Concern was voiced that such a relatively abstract discussion and resulting model was too far from 'work floor reality' to be of use in industry. The point of the model was not to replace any other model, but to show where the existing models touch, and this is something that is not directly useful in for example job application systems. However, when making such existing (even legacy) systems interoperable, it is absolutely essential that the developers and users of these systems are sure of truly shared concepts between their own system and its peer systems. A discussion of the type performed in Maastricht proved to quickly reveal essential differences between a common concept such as 'Competency', potentially saving costly mistakes had an attempt been made to link up two differently conceived systems this way.

After an hour of hands-on (re)modeling and discussion, several issues were raised that need attention, both in research and for the next workshops:

  • It probably is more efficient to limit the discussion to (and invite people based on) only two peer models/applications/domains at the same time.
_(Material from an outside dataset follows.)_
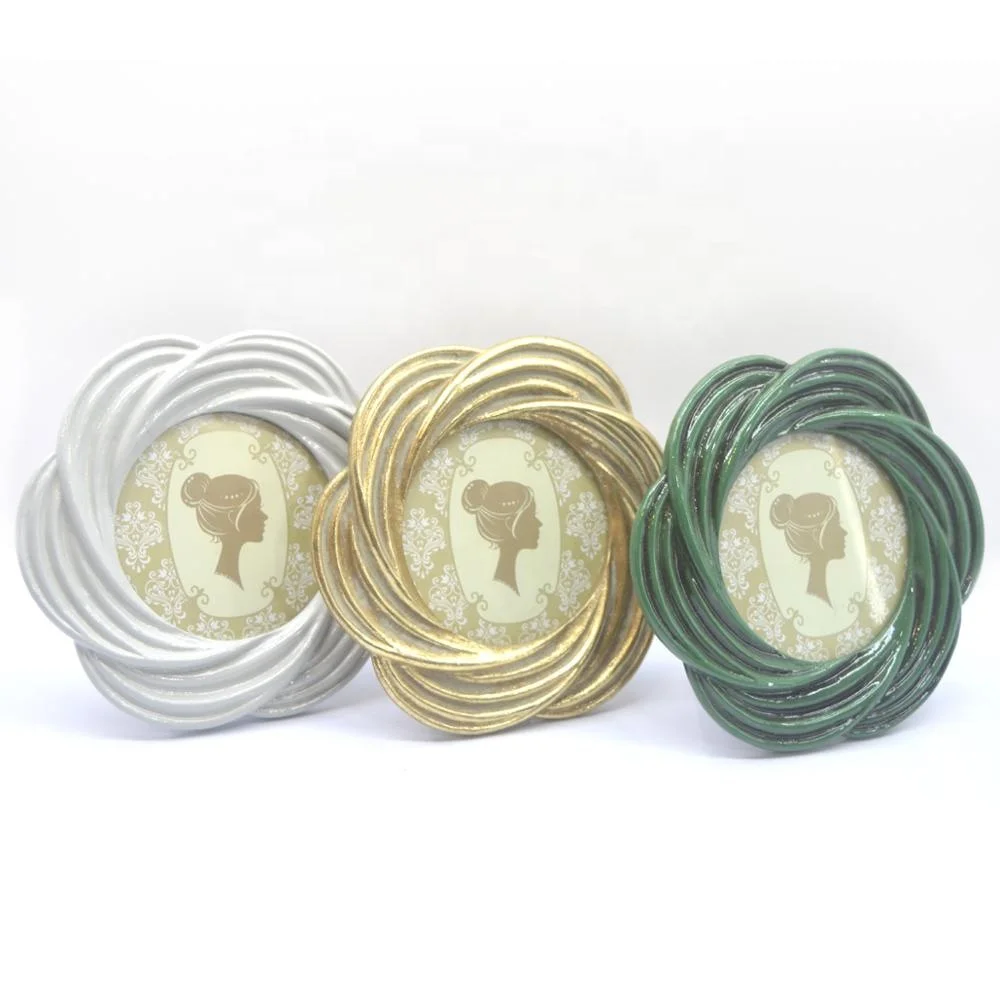 Wholesale artificial mini funny round flower shape  photo frame resin 4x4 glossy green cream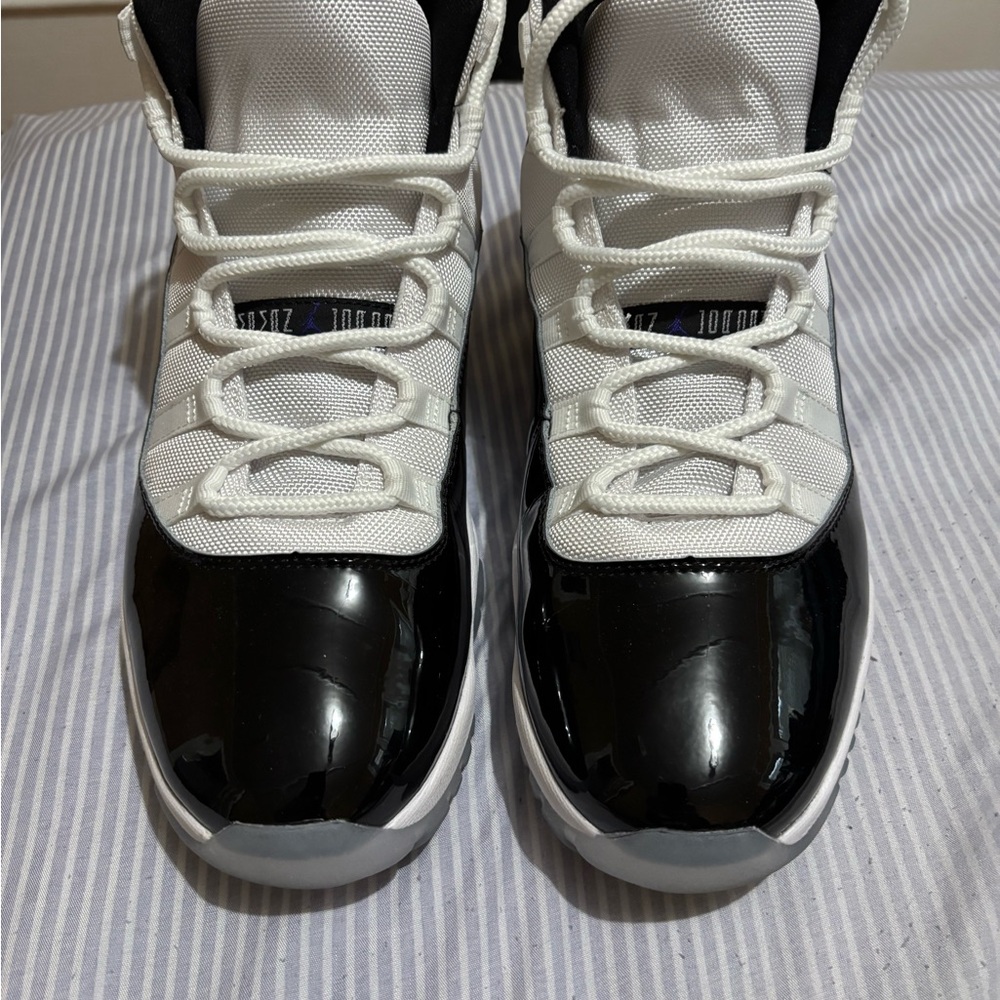 Air Jordan 11 Concord - Picture 3 of 7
This could avoid 'hot spots' in the audience while others are relatively quiet.
  • Before starting the workshop discussion, a clear set of discussion rules should be made available, explained, and afterwards enforced. Although some rules were introduced and used during the Maastricht discussion, the group dynamics sometimes moved out of focus.
  • The documentation tool (a standard mind map) probably can be better tuned to the particularities of such a group process.

In the end, the workshop audience agreed that insight into the problem had been gained and many of the attendees favoured sessions such as these in the future (even outside the OOA context) to gather semantical differences between established communities of interest. The importance of making these semantical differences apparent was unanimously ranked as 'extremely high'.

Wrap-up

A very brief statement of the results presented above was given at a shared wrap-up session about HR-XML in general. People were enthusiastic about the general approach and even the result obtained during the workshop, no matter its relatively small scale. The process of getting to agree on what commonly used concepts actually meant in the various competency-related models was considered helpful, practical though not yet fully mature, and certainly an approach worth further development.